Le jugement entrepris est confirmé de ces chefs, considération prise de ce qu'en premier ressort, Mme [K] n'avait demandé que l'annulation de l'assemblée générale du 15 octobre 2021, en sa totalité et a été déclarée irrecevable en cette demande.

A hauteur d'appel, le syndicat des copropriétaires est condamné aux dépens ainsi qu'à payer à Mme [K] la somme de 1 000 euros sur le fondement des dispositions de l'article 700 du code de procédure civile pour ses frais de procédure exposés à hauteur d'appel non compris dans les dépens ; la demande d'indemnité formulée sur le même fondement par le syndicat des copropriétaires est rejetée.

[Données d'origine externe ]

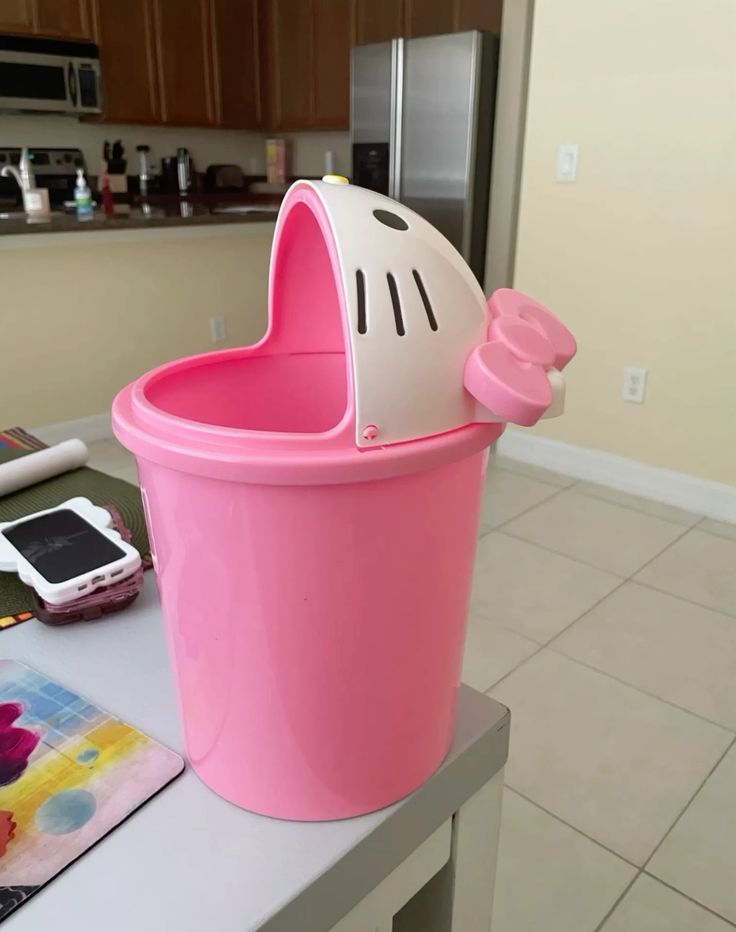 Hello Kitty Waste Bin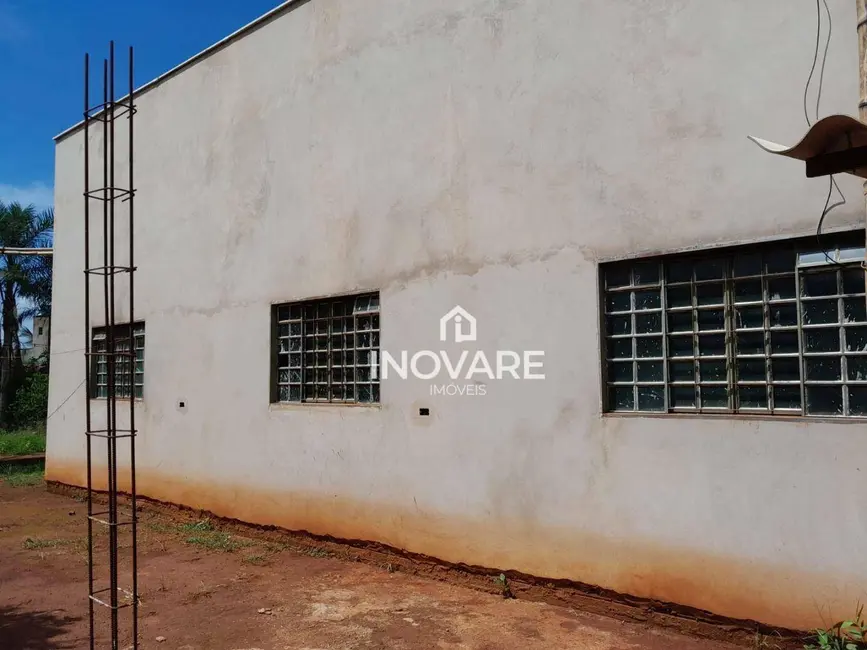 Sítio / Rancho com 3 quartos à venda, 2000m2 em Itumbiara - GO - imagem 4 Foto 4 de Sítio / Rancho com 3 quartos à venda, 2000m2 em Itumbiara - GO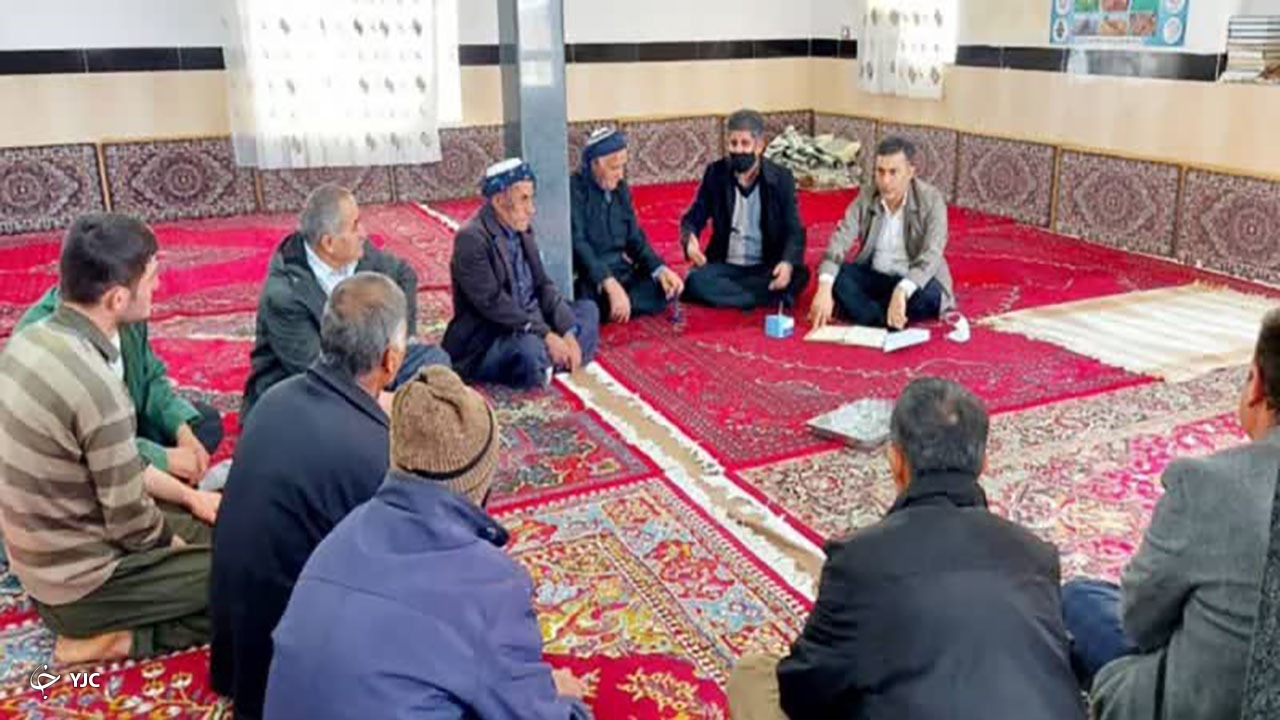 کلاس آموزشی مبارزه با آفات گندم در مهاباد برگزار شد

Faisant application de l'article 10-1 de la loi du 10 juillet 1965 susvisée, il y a lieu de dispenser Mme [K] de toute participation à la dépense commune des frais de procédure exposés à hauteur d'appel dont la charge sera répartie entre les autres copropriétaires.

PAR CES MOTIFS

La cour, statuant, publiquement par arrêt contradictoire mis à disposition au greffe, après débats en audience publique et après en avoir délibéré :

CONFIRME dans les limites de l'appel, le jugement du tribunal judiciaire de Strasbourg du 5 janvier 2023 ;

y ajoutant :

DECLARE Mme [J] [K] irrecevable en sa demande tendant à l'annulation de la résolution n°1 de l'assemblée générale du 15 octobre 2021 ;

DECLARE Mme [J] [K] recevable en sa demande d'annulation des résolutions n°4 et n°5 de l'assemblée générale du 15 octobre 2021 ;

ANNULE les résolutions n°4 et n°5 de l'assemblée générale du 15 octobre 2021 ;

CONDAMNE le syndicat des copropriétaires de la copropriété la résidence Les Cèdres, située [Adresse 2] à [Localité 4] aux dépens de la procédure d'appel ;

CONDAMNE le syndicat des copropriétaires de la copropriété la résidence Les Cèdres, située [Adresse 2] à [Localité 4] à payer à Mme [J] [K] la somme de 1 000 euros au titre de l'article 700 du code de procédure civile pour ses frais de procédure non compris dans les dépens exposés à hauteur d'appel ;

REJETTE la demande du syndicat des copropriétaires de la copropriété la résidence Les Cèdres, située [Adresse 2] à [Localité 4] fondée sur les dispositions de l'article 700 du code de procédure civile pour ses frais de procédure non compris dans les dépens exposés à hauteur d'appel ;

DISPENSE Mme [J] [K] de toute participation à la dépense commune des frais de procédure exposés à hauteur d'appel dont la charge sera répartie entre les autres copropriétaires.